W październiku ubiegłego roku Ministerstwo Finansów przedstawiło pomysł uregulowania działalności nowego typu spółek, inwestujących w rozwój nieruchomości komercyjnych na wynajem. Miały być odpowiednikiem działających już od dawna w wielu krajach, np. w Belgii, Francji, Niemczech czy we Włoszech, funduszy zwanych REIT (ang. Real Estate Investment Trusts). Jednym z największych atutów takich spółek byłoby uwolnienie ich od podatku dochodowego. To dawałoby szansę na wyższą niż w tradycyjne fundusze rentowność inwestycji.
Przewidziana w projekcie ulga w podatku dochodowym od osób prawnych byłaby de facto zniesieniem podwójnego opodatkowania.
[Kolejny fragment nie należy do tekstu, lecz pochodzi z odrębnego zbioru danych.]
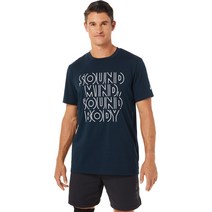 아식스 남성용 TR HERITAGE FONT GPAPHIC TEE 2031C748
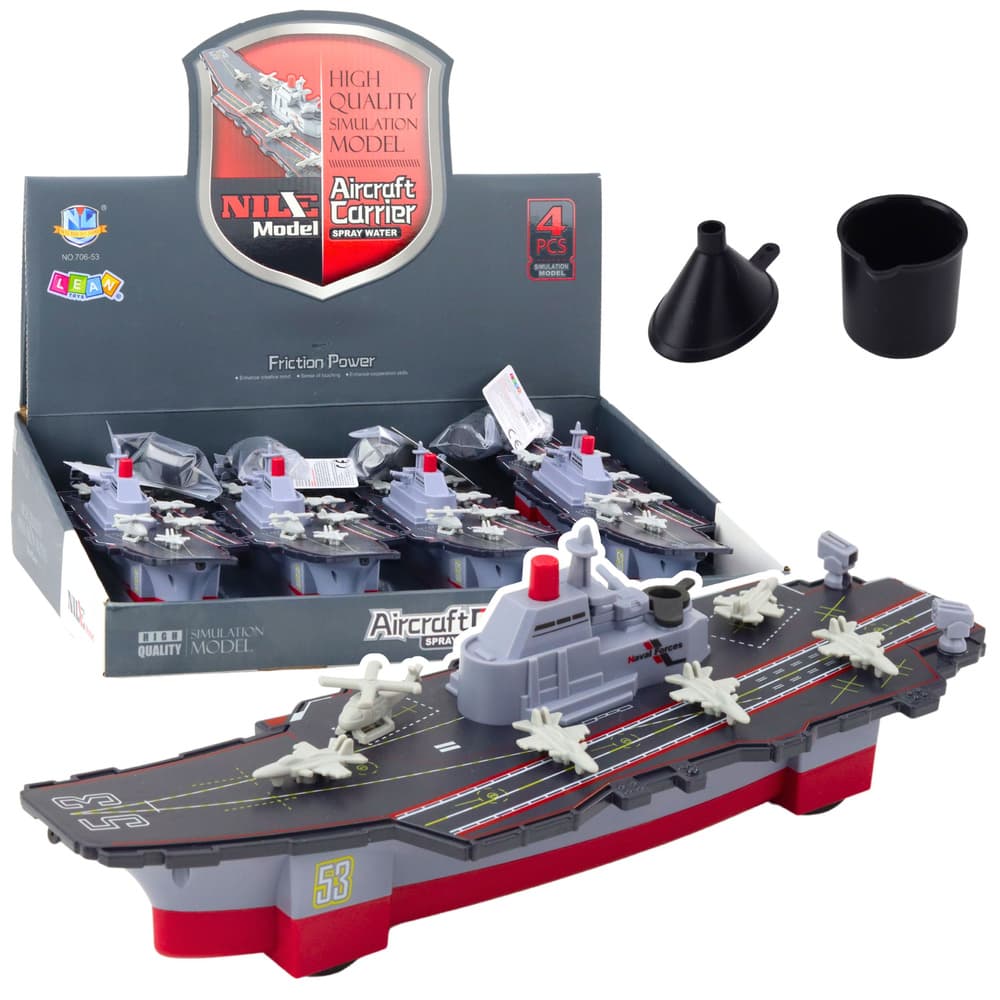 LEAN TOYS Letalonosilec z vodnim učinkom in dodatki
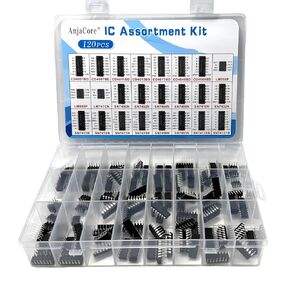 24 Models 120pcs IC Kit - SN7400 SN7404 SN7490 SN7474 LM555 LM358 LM741 CD4017 CD4001 Digital Logic Component in Saudi Arabia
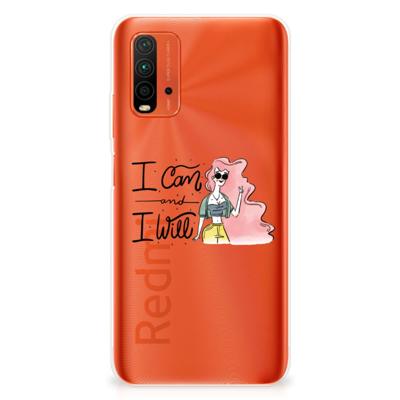 Xiaomi Poco M3 Telefoonhoesje met Naam i Can Xiaomi Poco M3 Telefoonhoesje met Naam i Can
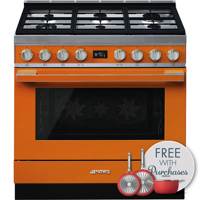 CPF9GPOR 90cm Portofino Dual Fuel Range Cooker Orange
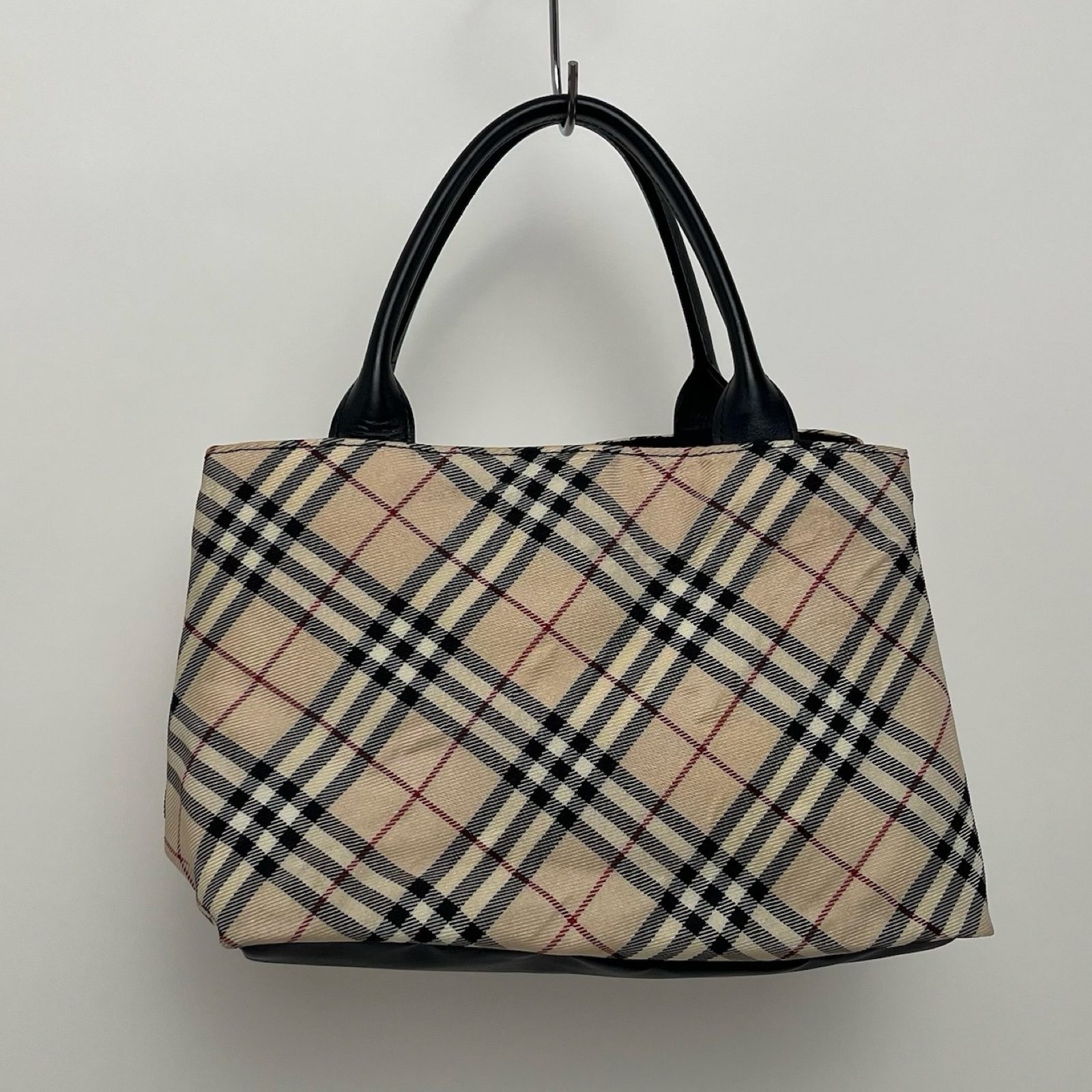 Burberry Blue Label Cream Nova Check Canvas Mini Tote Bag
Jak wyjaśnia Katarzyna Kopczewska, doradca podatkowy i partner w kancelarii BakerMcKenzie, gdy dziś grupa indywidualnych inwestorów chce czerpać zyski z inwestycji w nieruchomość i zakłada spółkę, to napotyka podwójne opodatkowanie takich zysków.
– Spółka musi zapłacić od swojego dochodu CIT, a inwestorzy zapłacą podatek od dochodów otrzymywanych z tej spółki – zauważa ekspertka.
Tylko jedna danina
Ustawa o REIT takie podwójne opodatkowanie miałaby znieść. Zrównałyby się zasady opodatkowania grup inwestorów indywidualnych z instytucjonalnymi. Dzięki temu rodzimy kapitał mógłby skuteczniej konkurować z międzynarodowym.
Ministerstwo Finansów zaproponowało zatem ulgę dla REIT, która miała się znaleźć w ustawie o CIT. Ustawa pewnie zostałaby uchwalona, gdyby nie ogromna ilość zastrzeżeń złożonych podczas konsultacji publicznych.Sam projekt jest dokumentem zaledwie sześciostronicowym, a zestawienie uwag różnych resortów i organizacji gospodarczych zajmuje 60 stron.